ASSIGNED TASK:
A verbatim restatement of the data, free of pictures, is what you should output.

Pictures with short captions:
= Beginning of Section =

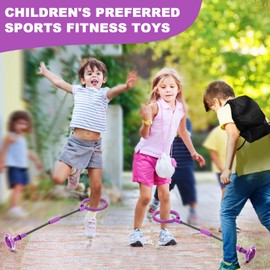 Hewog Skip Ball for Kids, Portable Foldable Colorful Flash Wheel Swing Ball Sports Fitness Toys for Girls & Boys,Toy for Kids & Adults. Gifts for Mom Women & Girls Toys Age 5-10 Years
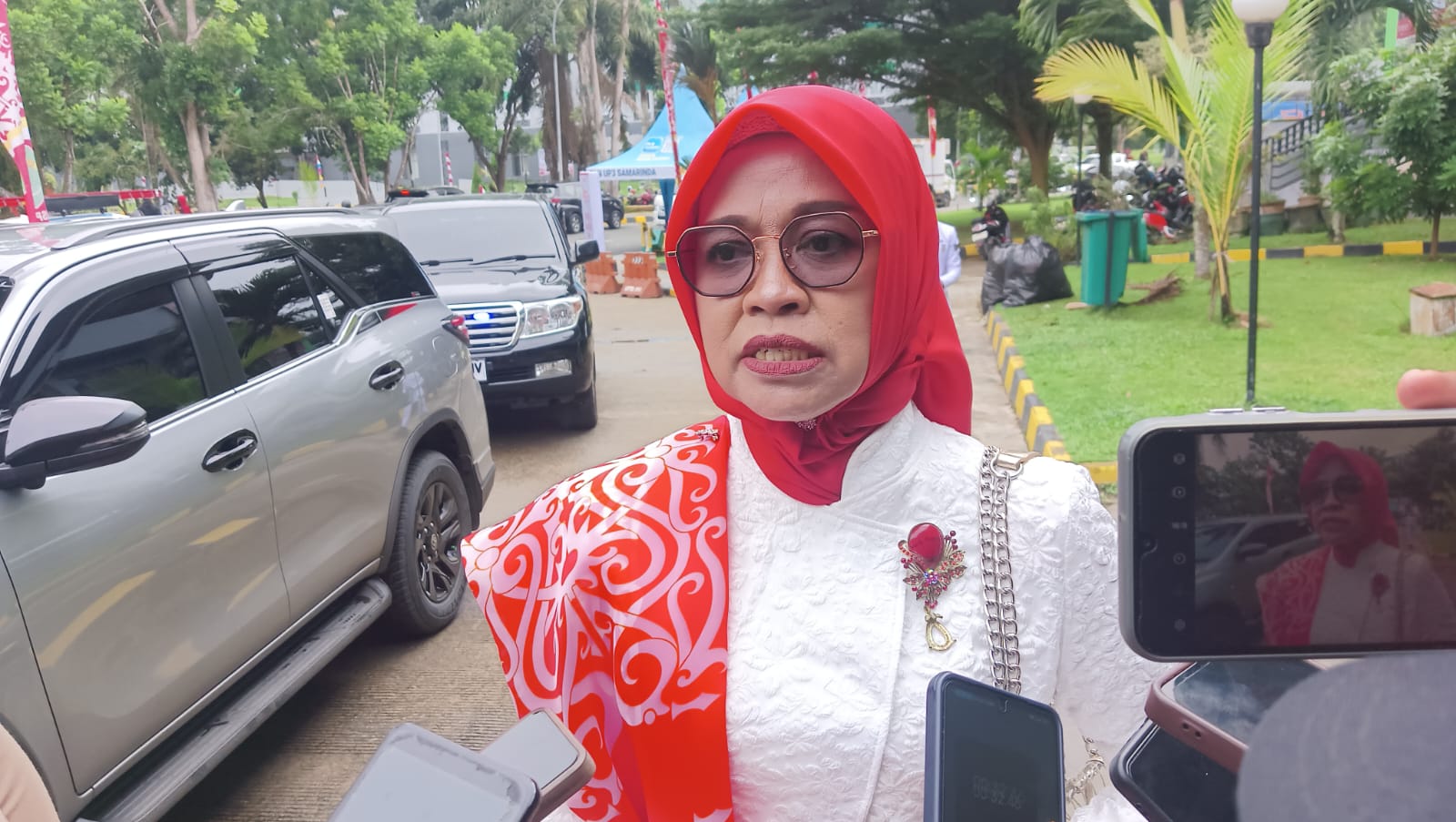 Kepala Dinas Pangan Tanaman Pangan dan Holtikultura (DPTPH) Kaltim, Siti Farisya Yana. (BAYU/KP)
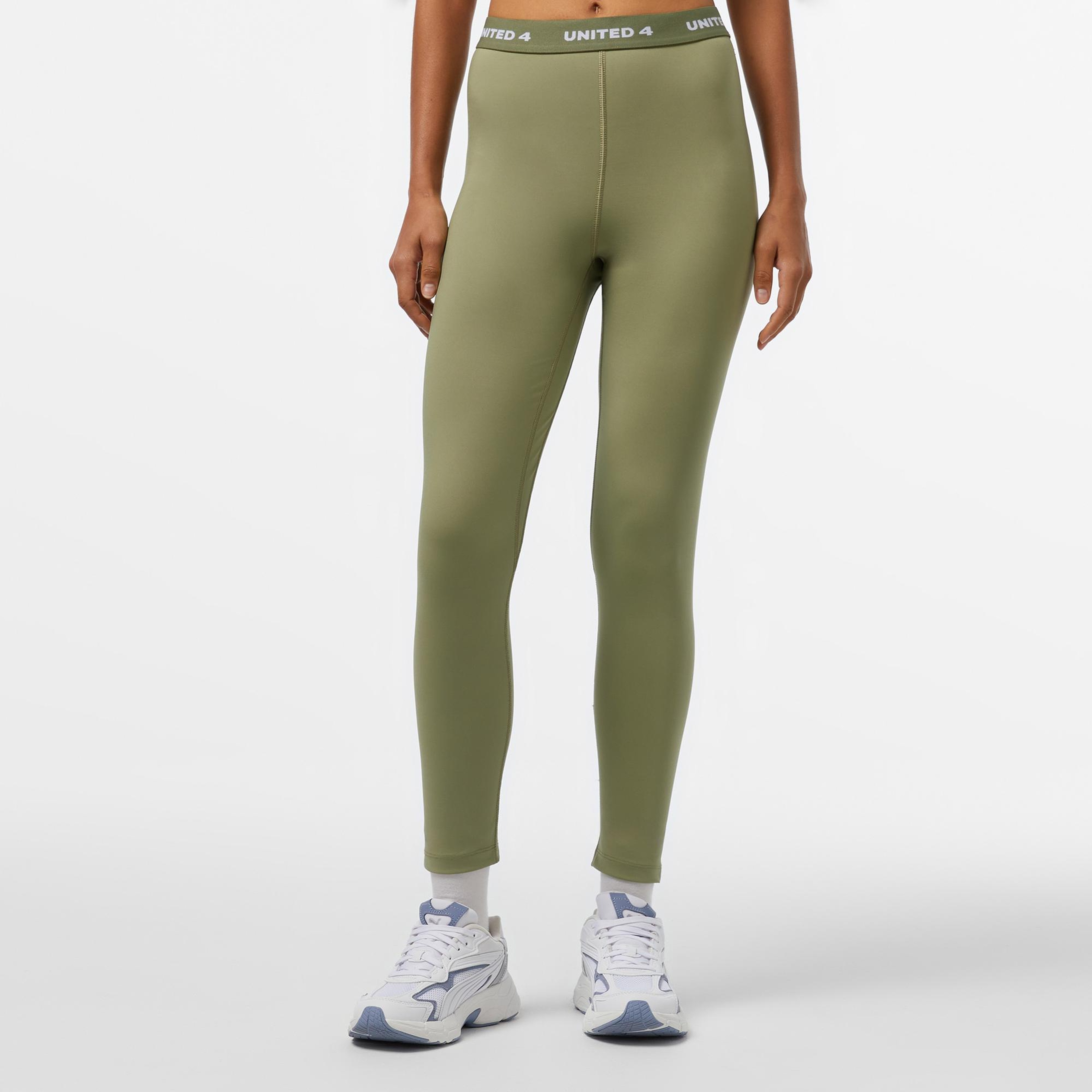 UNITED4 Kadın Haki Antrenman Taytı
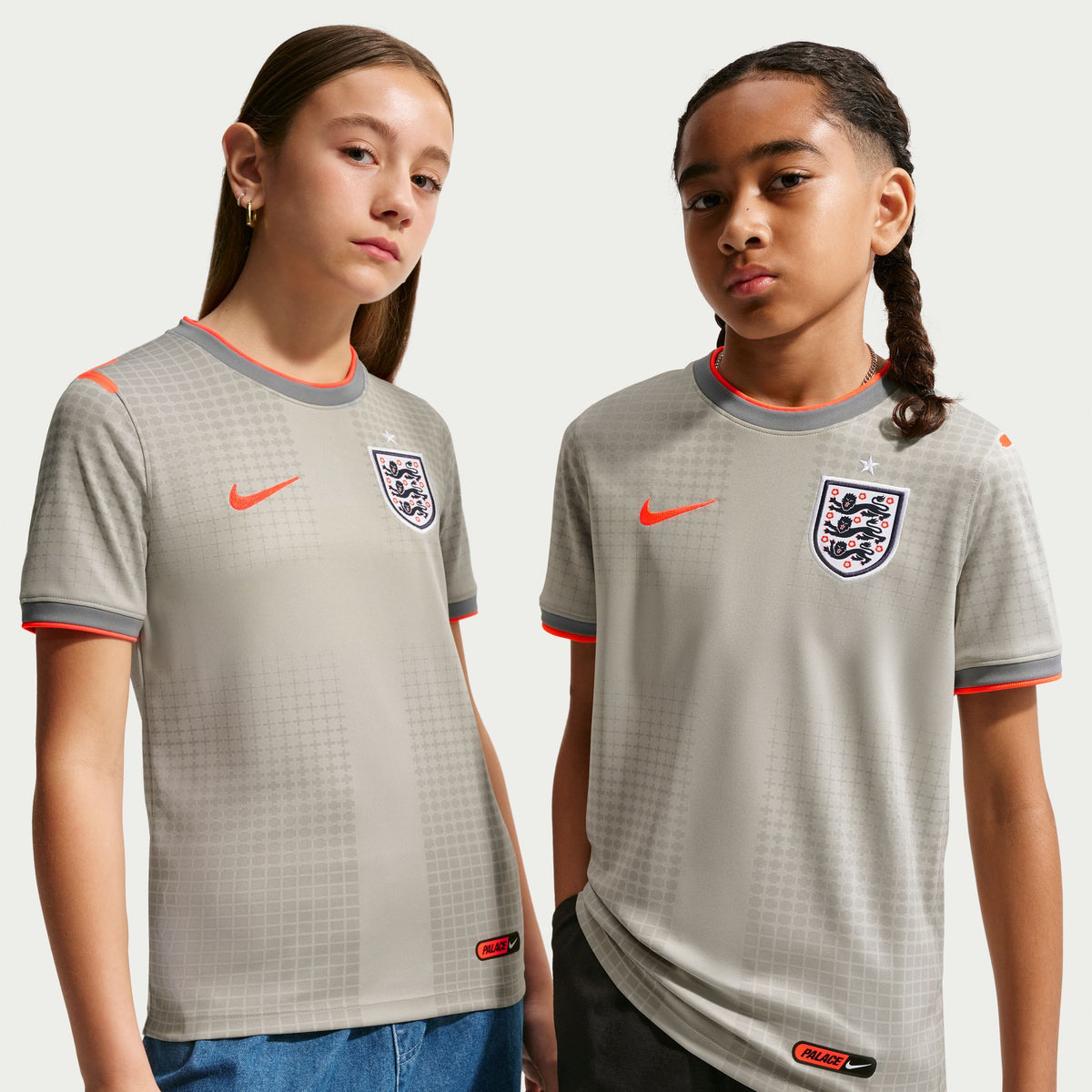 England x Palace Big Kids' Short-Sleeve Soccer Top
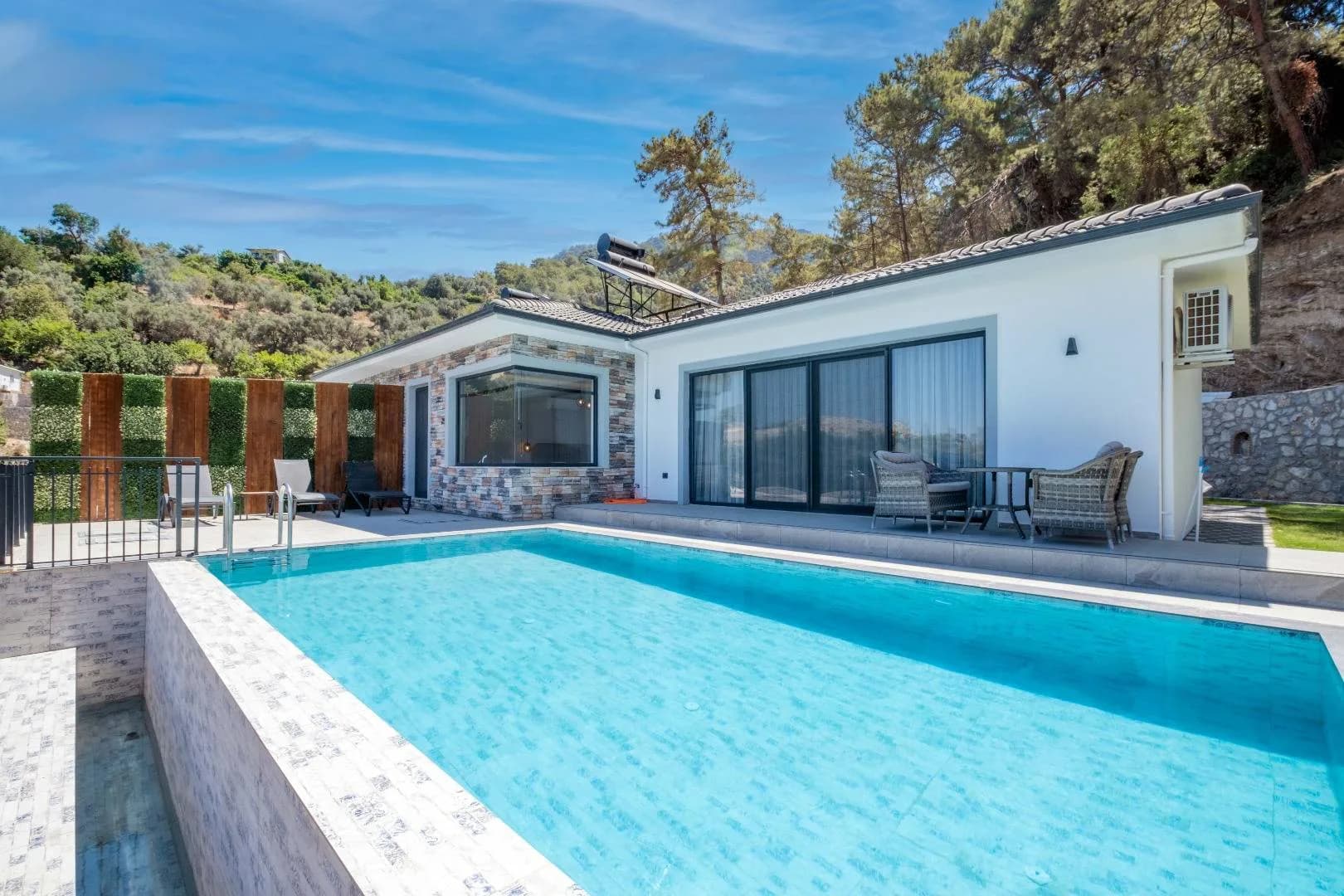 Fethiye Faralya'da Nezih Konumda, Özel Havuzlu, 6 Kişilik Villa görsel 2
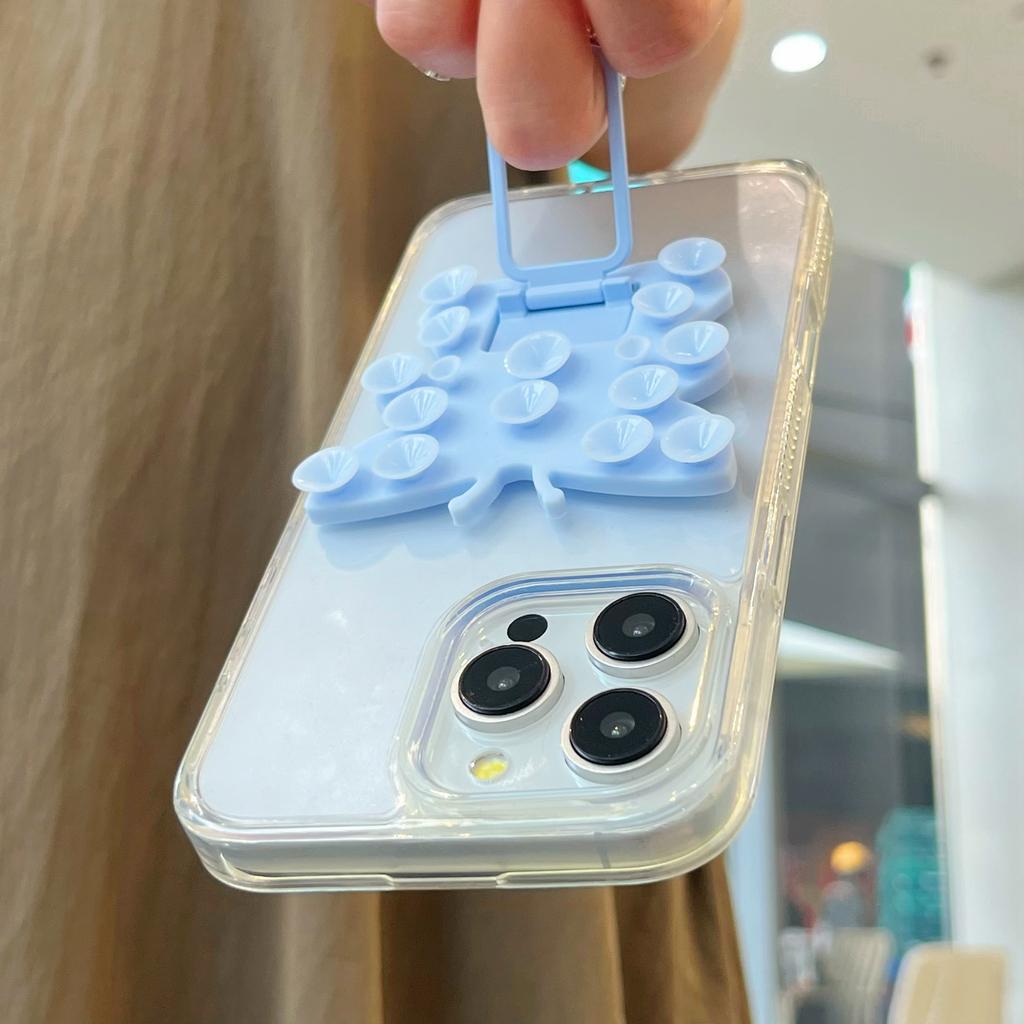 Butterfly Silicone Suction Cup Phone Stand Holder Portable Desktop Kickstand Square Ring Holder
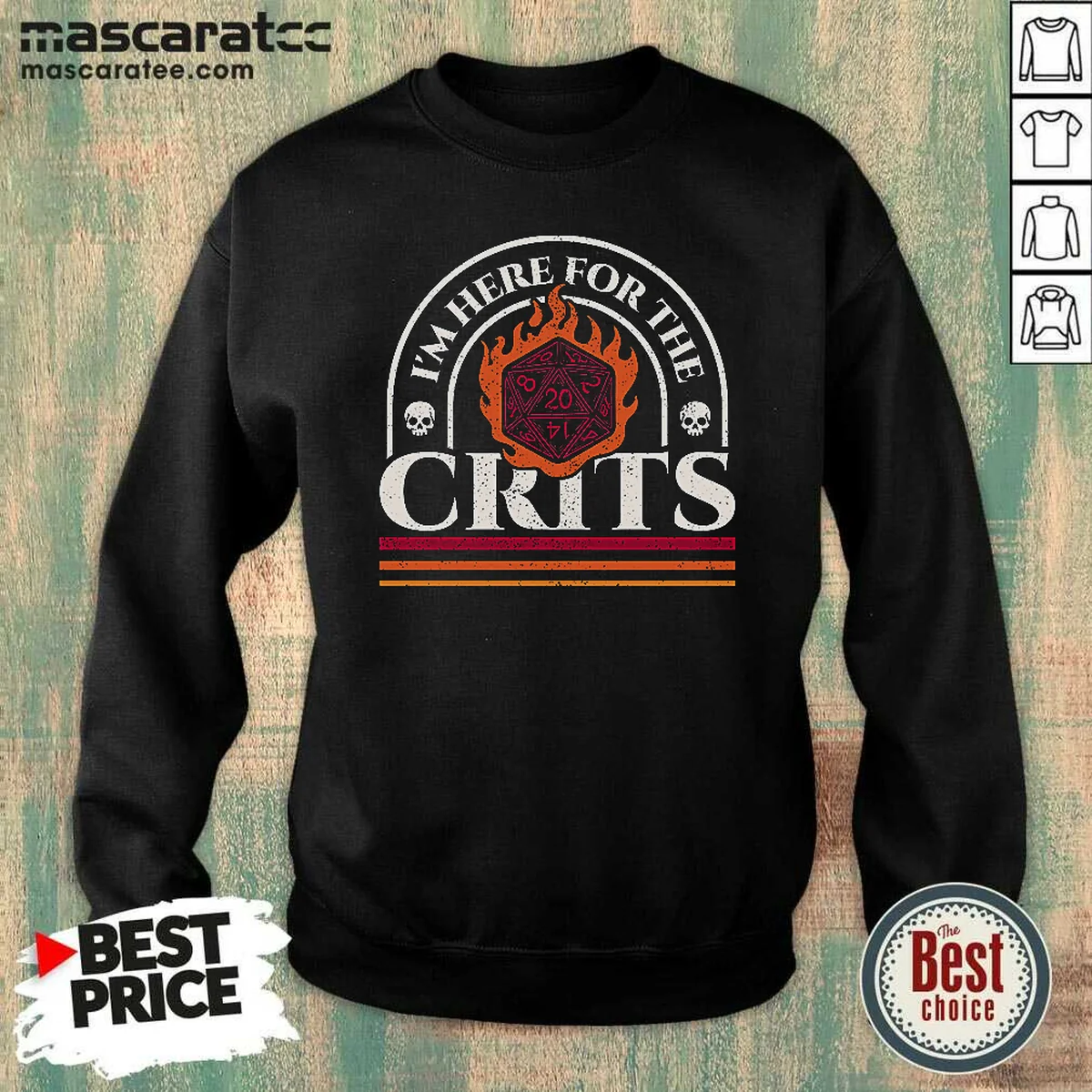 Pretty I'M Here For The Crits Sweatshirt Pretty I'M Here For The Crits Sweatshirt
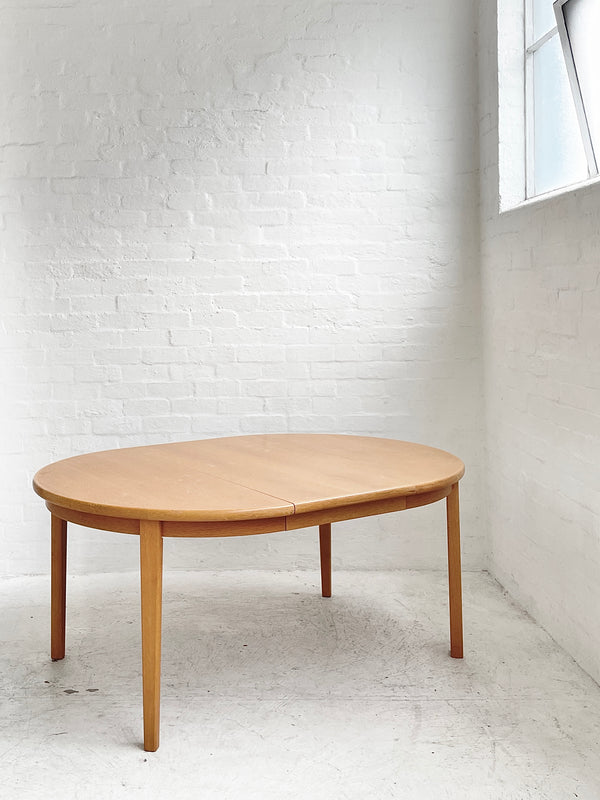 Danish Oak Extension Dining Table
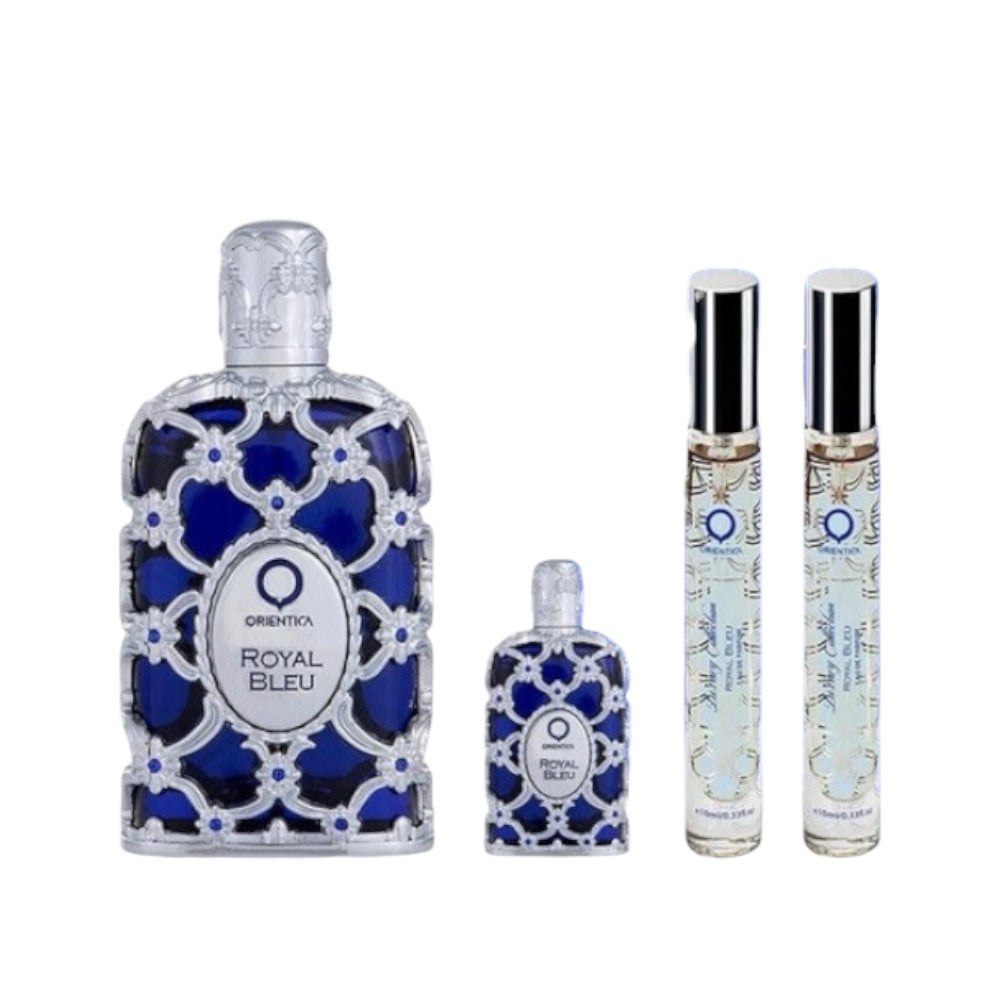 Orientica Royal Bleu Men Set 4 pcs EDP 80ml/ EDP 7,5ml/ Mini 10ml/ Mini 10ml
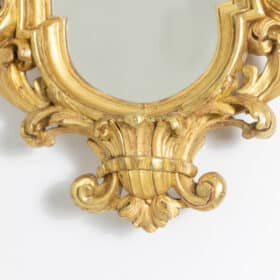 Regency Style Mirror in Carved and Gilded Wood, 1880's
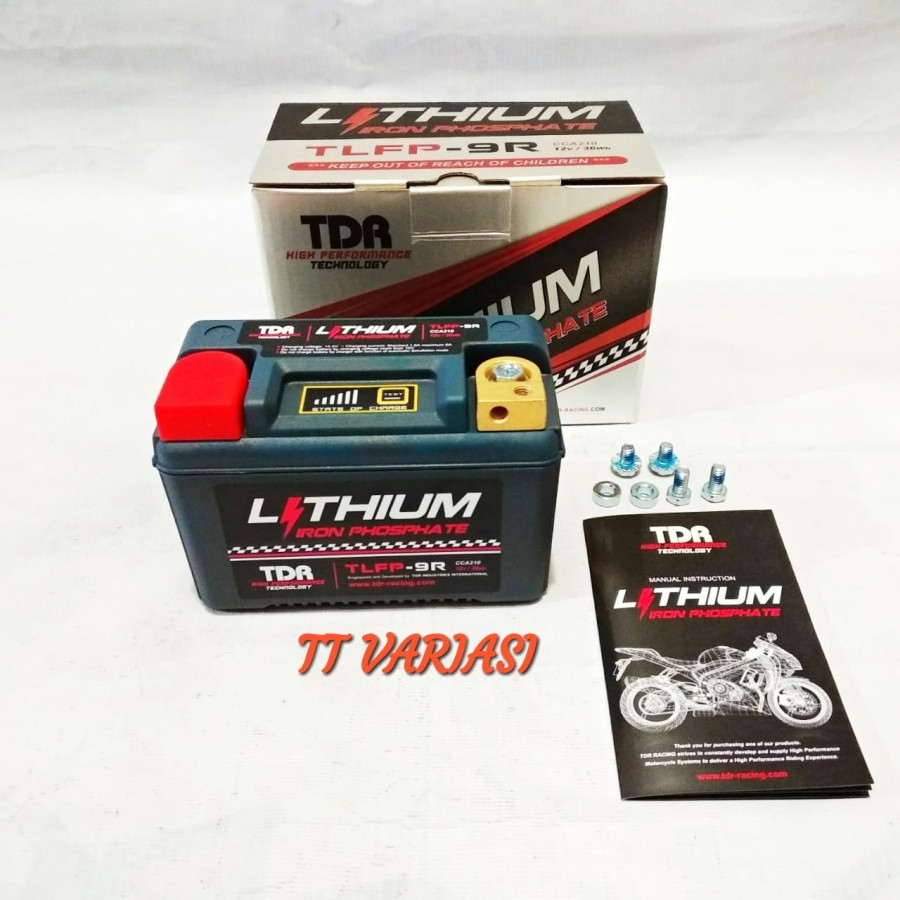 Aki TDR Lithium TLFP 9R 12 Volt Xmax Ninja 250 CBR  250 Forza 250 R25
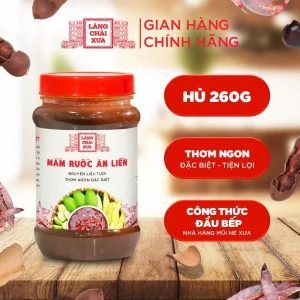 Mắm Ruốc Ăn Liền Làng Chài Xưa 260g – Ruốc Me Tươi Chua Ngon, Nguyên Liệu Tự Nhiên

= End of Section =

REPLY TO THE TASK:
 Hewog Skip Ball for Kids, Portable Foldable Colorful Flash Wheel Swing Ball Sports Fitness Toys for Girls & Boys,Toy for Kids & Adults. Gifts for Mom Women & Girls Toys Age 5-10 Years
 Kepala Dinas Pangan Tanaman Pangan dan Holtikultura (DPTPH) Kaltim, Siti Farisya Yana. (BAYU/KP)
 UNITED4 Kadın Haki Antrenman Taytı
 England x Palace Big Kids' Short-Sleeve Soccer Top
 Fethiye Faralya'da Nezih Konumda, Özel Havuzlu, 6 Kişilik Villa görsel 2
 Butterfly Silicone Suction Cup Phone Stand Holder Portable Desktop Kickstand Square Ring Holder
 Pretty I'M Here For The Crits Sweatshirt Pretty I'M Here For The Crits Sweatshirt
 Danish Oak Extension Dining Table
 Orientica Royal Bleu Men Set 4 pcs EDP 80ml/ EDP 7,5ml/ Mini 10ml/ Mini 10ml
 Regency Style Mirror in Carved and Gilded Wood, 1880's
 Aki TDR Lithium TLFP 9R 12 Volt Xmax Ninja 250 CBR  250 Forza 250 R25
 Mắm Ruốc Ăn Liền Làng Chài Xưa 260g – Ruốc Me Tươi Chua Ngon, Nguyên Liệu Tự Nhiên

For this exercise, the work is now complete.